コンパクト・デジタルカメラに GPS 機能が内蔵される日はいったいいつやって来るのだろうか、と思っていたら、Nikon から回答がもたらされた。一週間後には D90 にデジイチ初の HD ビデオ録画機能を搭載し発売予定の Nikon は、コンデジの世界でも、重要なブレークスルーを実現してくれた。COOLPIX P6000。GPS 機能を標準搭載する本機を、新宿量販店で正式発売の前日に運良く入手。早速撮影したテスト画像は、こちらの flickr アルバムにて。

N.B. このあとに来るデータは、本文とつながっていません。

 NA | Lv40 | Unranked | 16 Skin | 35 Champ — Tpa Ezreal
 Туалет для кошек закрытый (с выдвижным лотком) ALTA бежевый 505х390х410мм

購入したばかりで各種機能を十分試せていないのだが、グリップ部の造りの良さにはまず驚かされた。グリップ形状は大きい手にも馴染み、ギザギザ・ラバーの表面仕上げのおかげでしっかりホールド可能。素材デザイン優先で、落としそうになるツルツルピカピカ仕上げ軟派コンデジが増える中で、P6000 は精悍な「男のアウトドア・コンデジ」感をつや消しブラック外装から力強く訴えかけてくれる。右手親指が届く範囲にモードダイヤル、コマンドダイヤル、4方向ボタンのマルチセレクターが配置され、操作性も上々。特にモードダイヤルは、グリップ部と同様の細かいギザギザ刻みが側面に入っていて、回し易い構造。このあたりには、ニコンのカメラ職人芸が細部まで生きている。
グリップ部の厚みと比較し、本体部分は極力スリムに仕上げられて居り、このクラスの中型コンデジとしては携行し易いサイズと言える。惜しいのは AC アダプター。旅行時の荷物を減らす上では、小型で電池を差し込むだけの充電器があればそれで良いのだが、本機に付属するのは長いコードを伴う AC アダプター。いちいち電池を出し入れせずに本体にコードを直接接続し充電可能というのは普段利用には良いかもしれないが、旅行の事を考えるとコードが無いタイプの方が望ましい。GPS 内蔵で旅行用に購入するユーザーも多いと思われるので、ここにはもう一工夫欲しかった気がする。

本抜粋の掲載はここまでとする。